• What to produce:
When you copy the records that follow, please keep every word exactly as it is and leave out the pictures.

▼

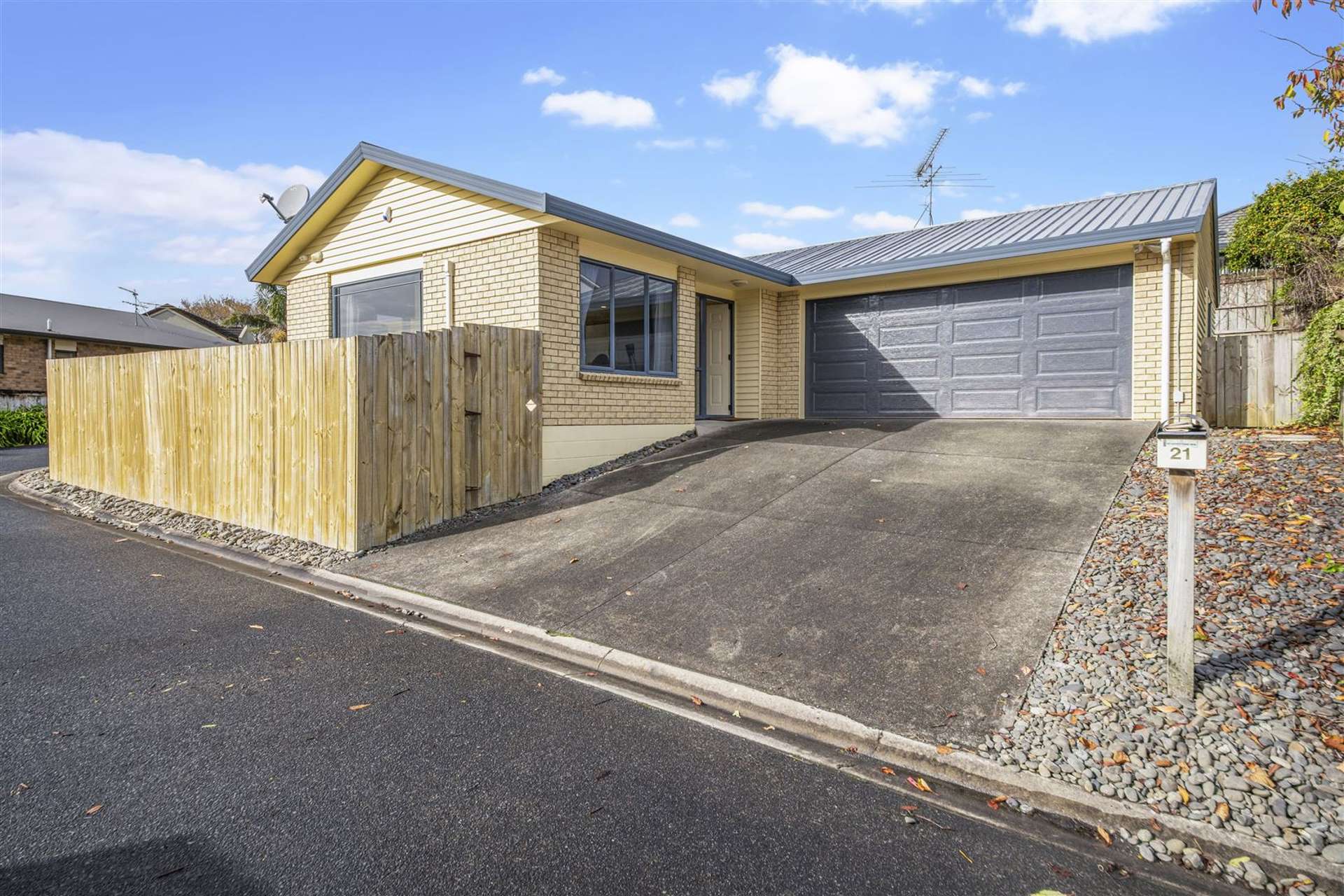 21 Avonlea Lane Pukekohe_0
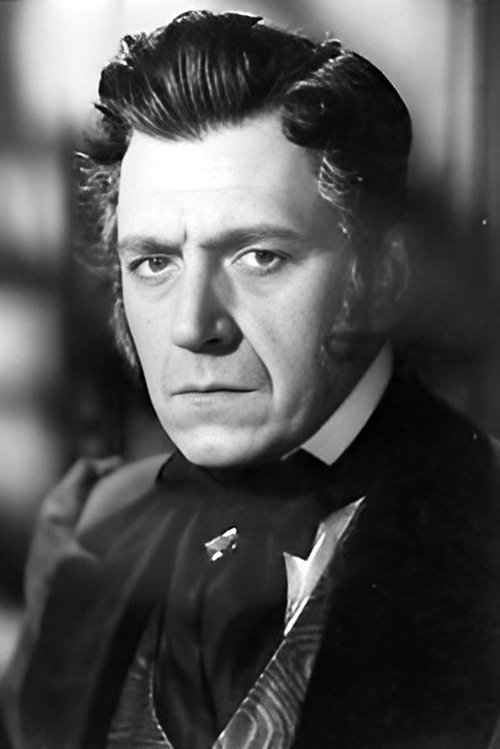 Jean Martinelli zdjęcie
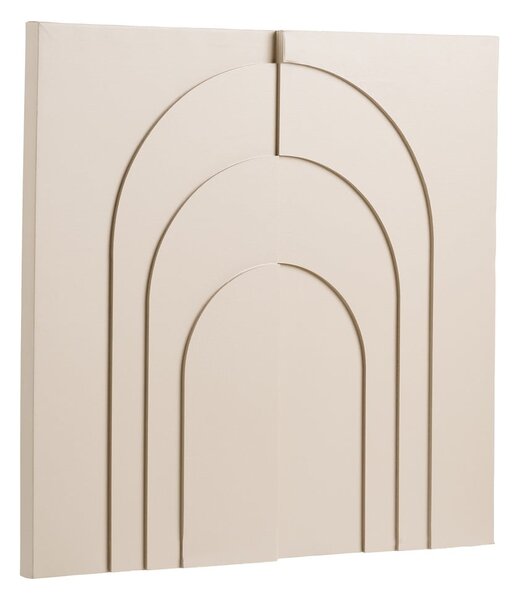 Obraz 60x60 cm Ina – House Nordic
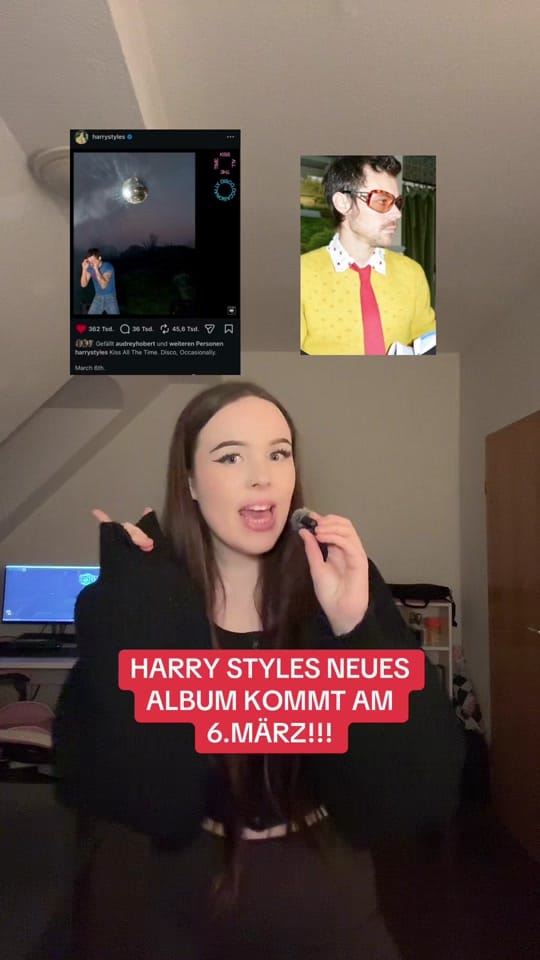 Post 10 by maike.mary on TikTok (video)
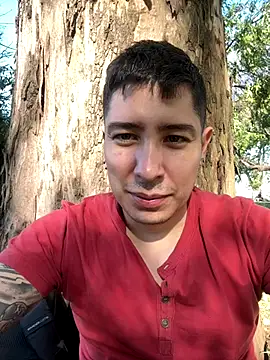 9999Alez online show from October 18, 2025, 7:49 pm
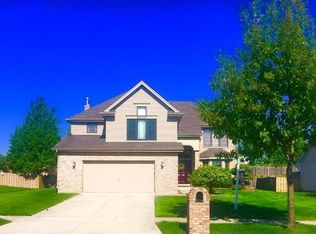 8007 Chesterton Dr, Woodridge, IL 60517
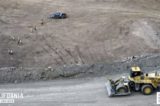 BUSINESS | Gold Miner Found $2.5 Billion Dollars Worth of Uranium: California Insider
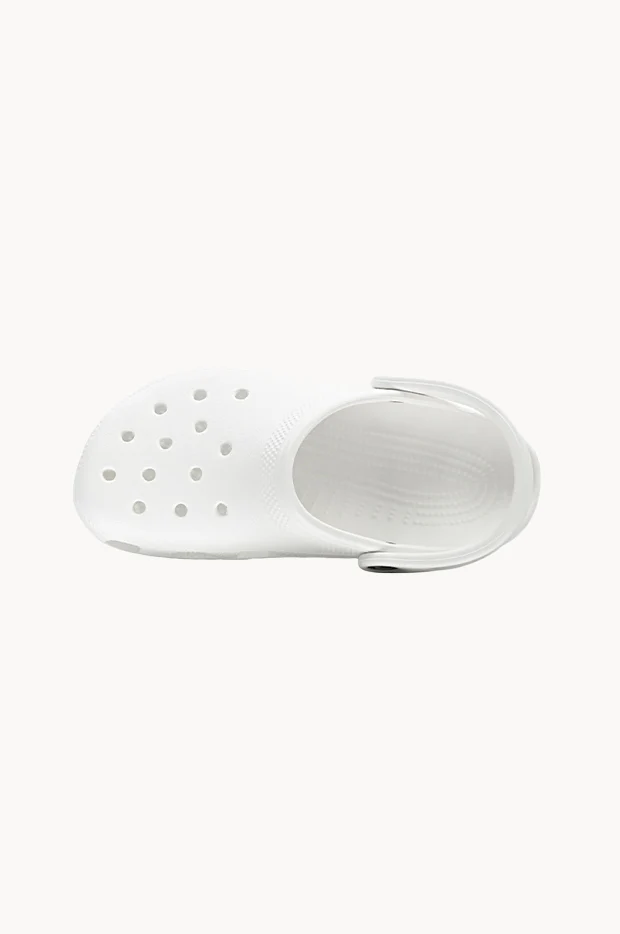 Classic Clog - Image 4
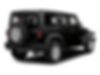 1C4BJWDG5FL655777-2015-jeep-wrangler-2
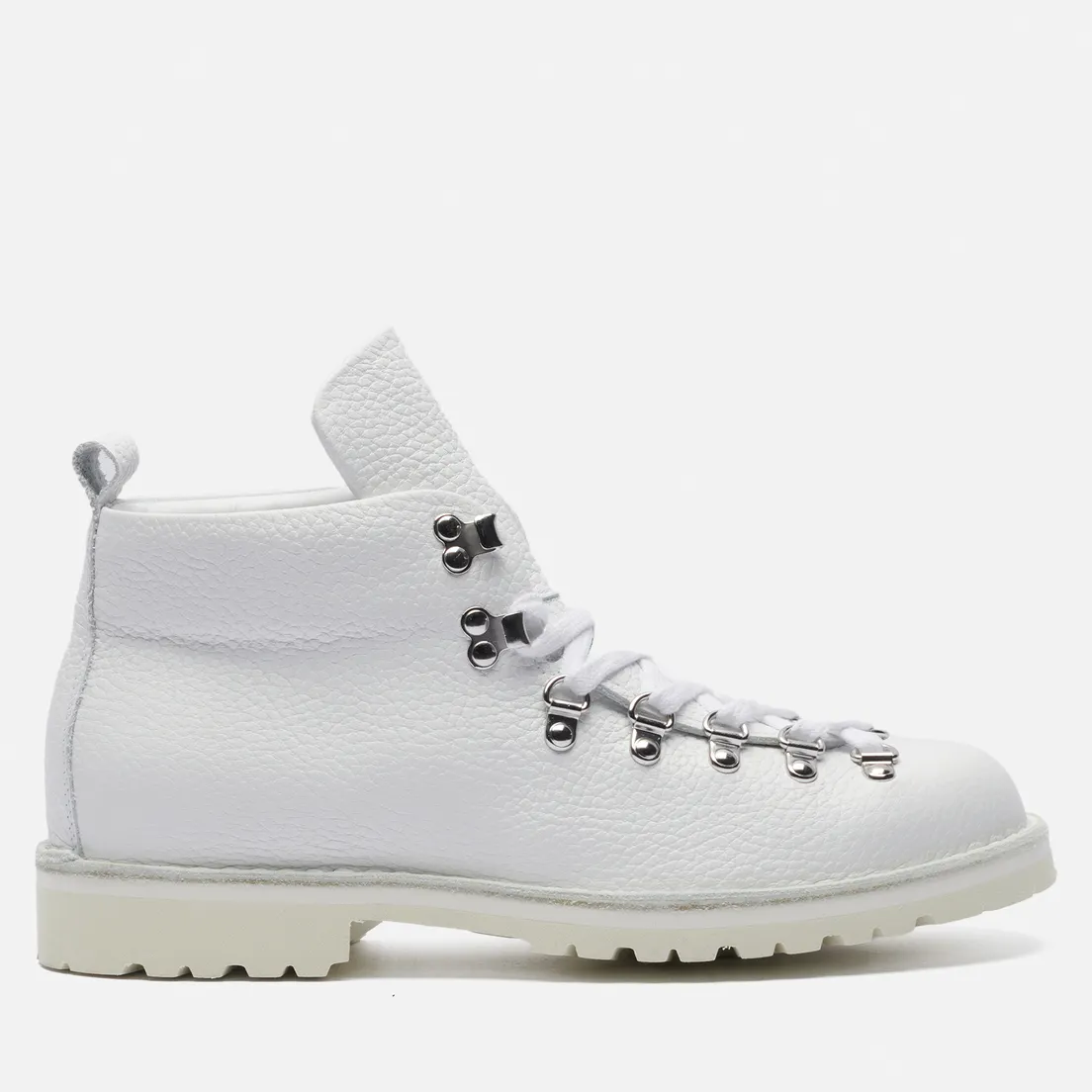 Fracap Ботинки M120 Nebraska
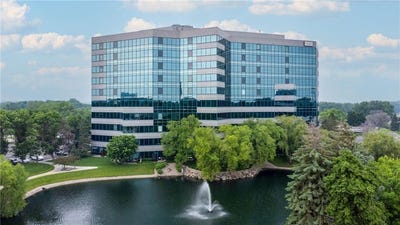 /international/us/5601-smetana-drive-minnetonka-mn-110100268175/?lang=zh-tw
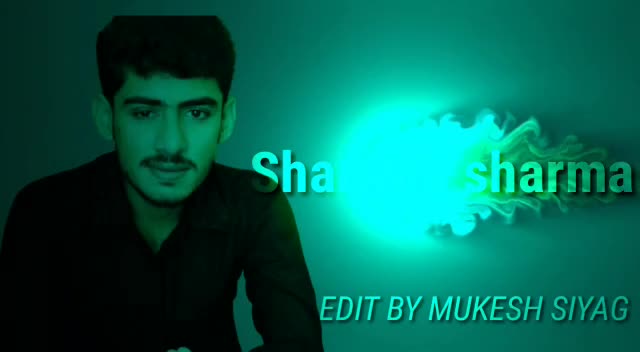 @Rudar partap sharma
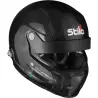 Casco Stilo ST5 R CARBONO WIRELESS RALLY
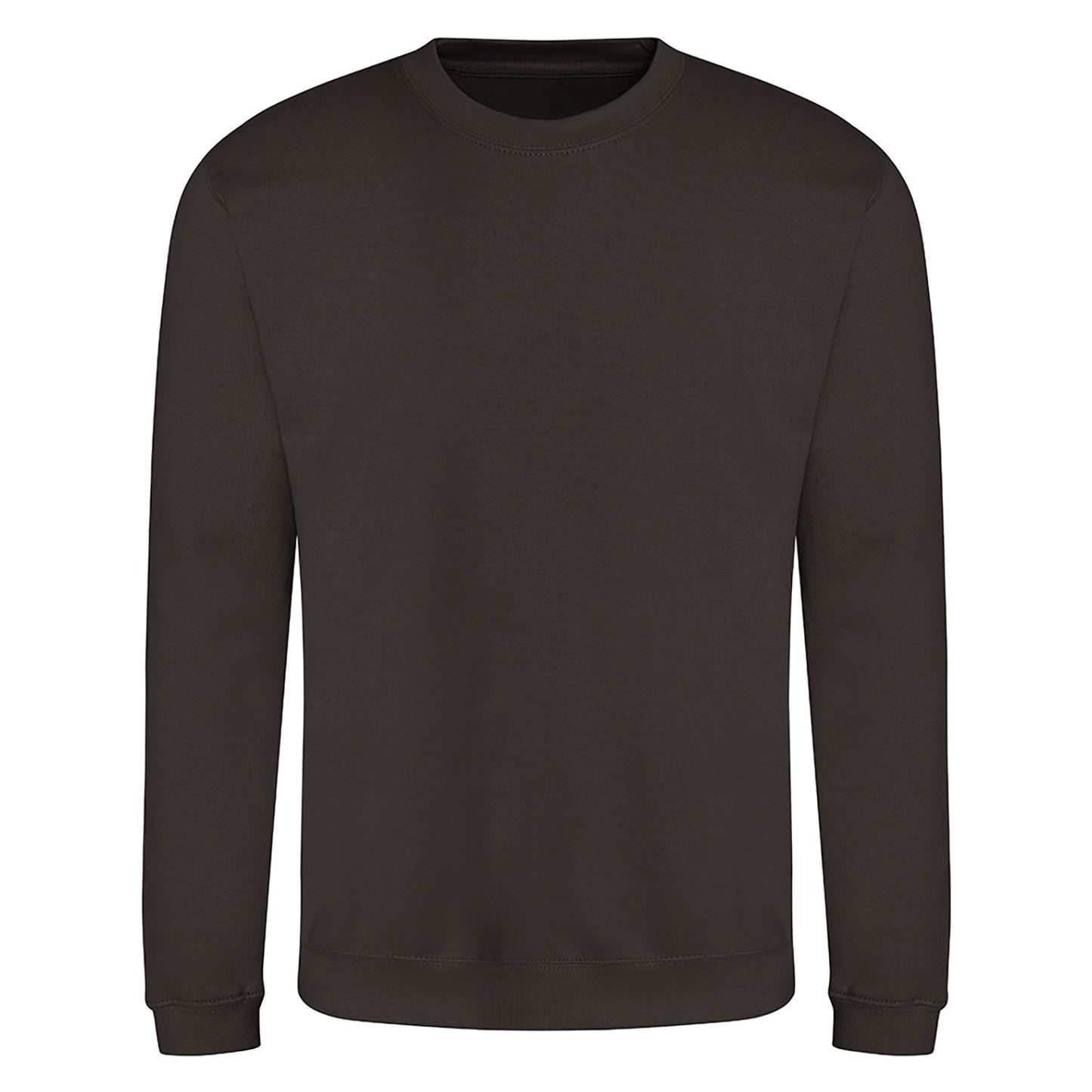 College Sweatshirt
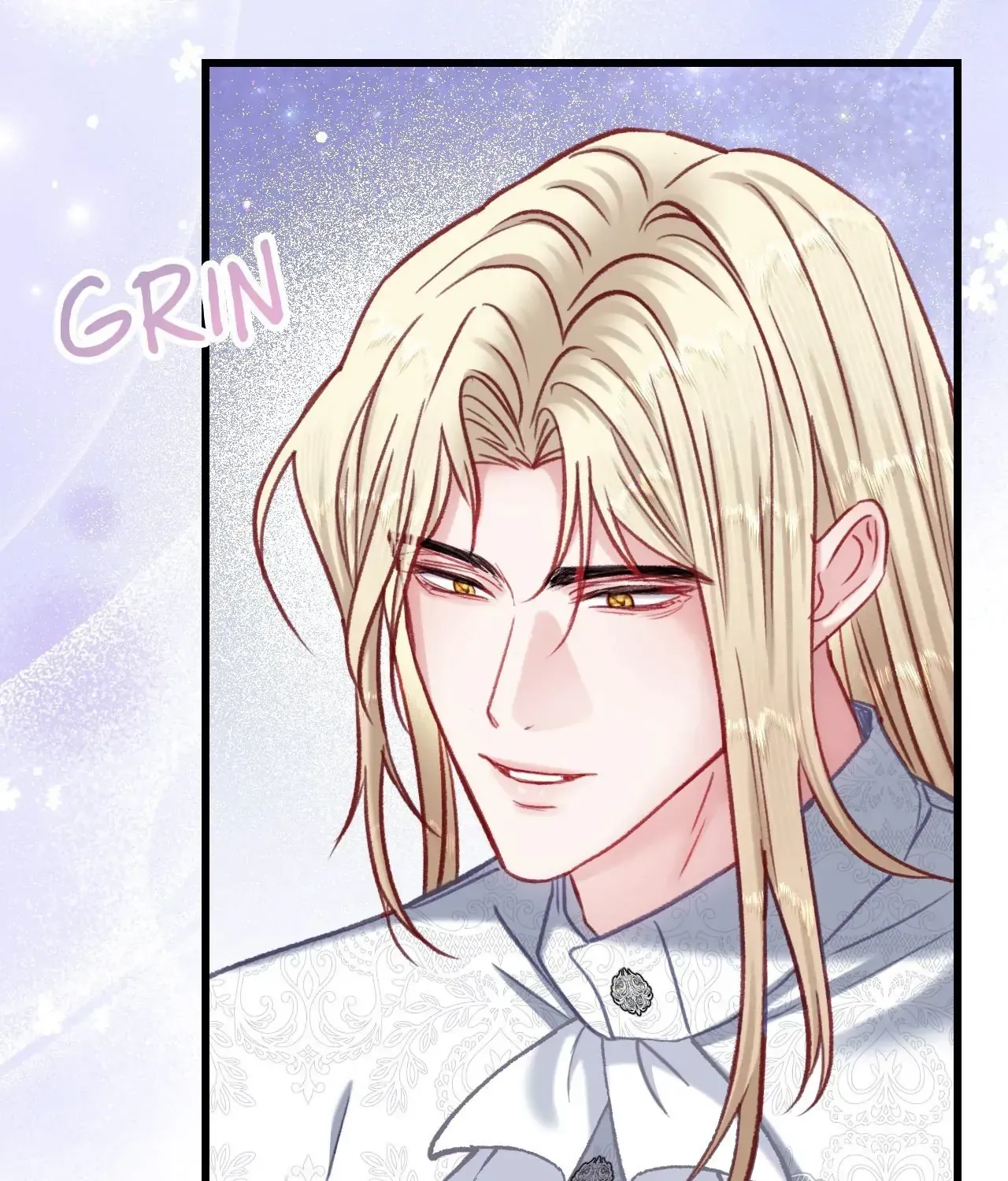 Hunks, Harems, and Hardcore Habits Chapter 22 page 113 - 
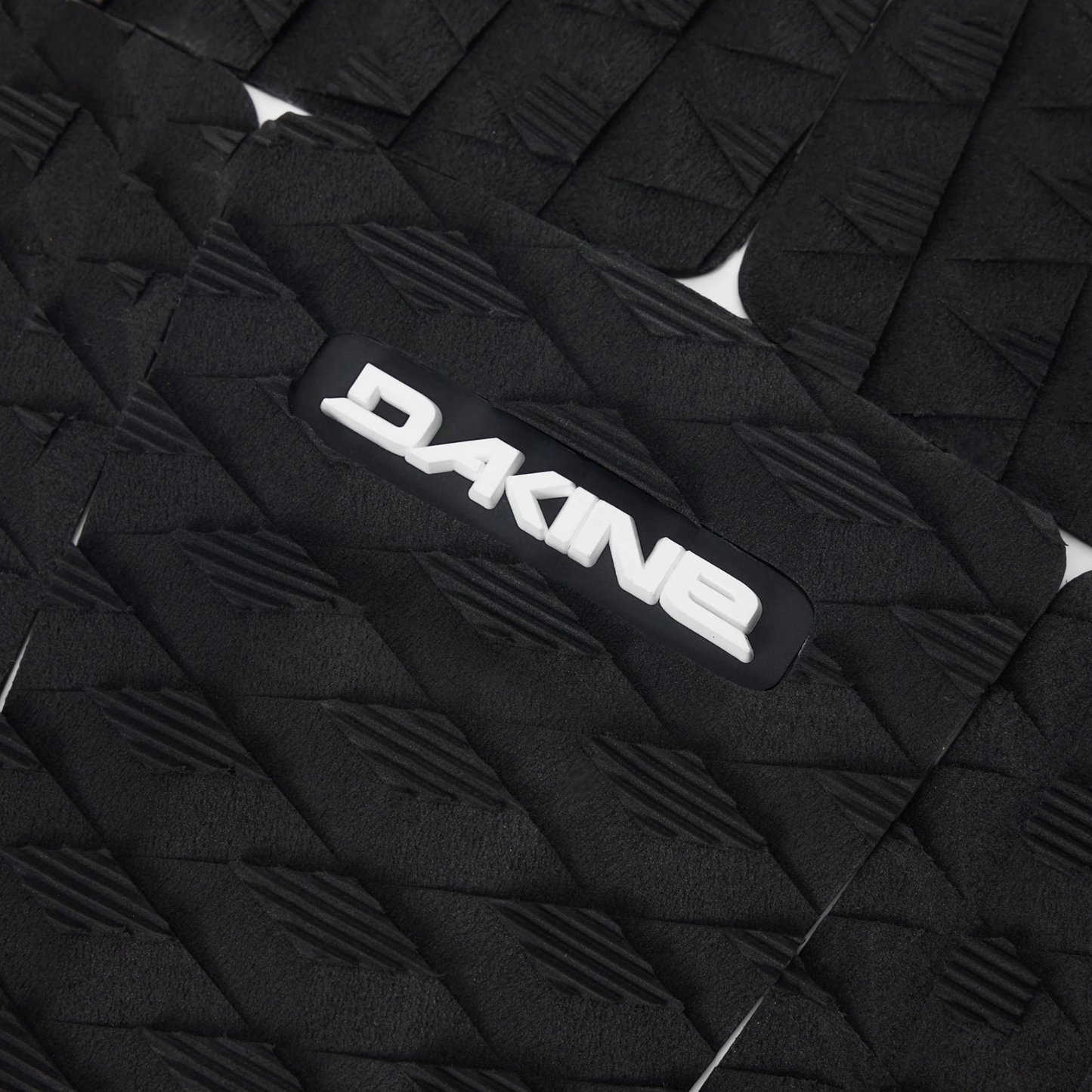 TRACTION PAD DAKINE BRUCE IRONS PRO SURF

▲

• Exercise output:
 21 Avonlea Lane Pukekohe_0
 Jean Martinelli zdjęcie
 Obraz 60x60 cm Ina – House Nordic
 Post 10 by maike.mary on TikTok (video)
 9999Alez online show from October 18, 2025, 7:49 pm
 8007 Chesterton Dr, Woodridge, IL 60517
 BUSINESS | Gold Miner Found $2.5 Billion Dollars Worth of Uranium: California Insider
 Classic Clog - Image 4
 1C4BJWDG5FL655777-2015-jeep-wrangler-2
 Fracap Ботинки M120 Nebraska
 /international/us/5601-smetana-drive-minnetonka-mn-110100268175/?lang=zh-tw
 @Rudar partap sharma
 Casco Stilo ST5 R CARBONO WIRELESS RALLY
 College Sweatshirt
 Hunks, Harems, and Hardcore Habits Chapter 22 page 113 - 
 TRACTION PAD DAKINE BRUCE IRONS PRO SURF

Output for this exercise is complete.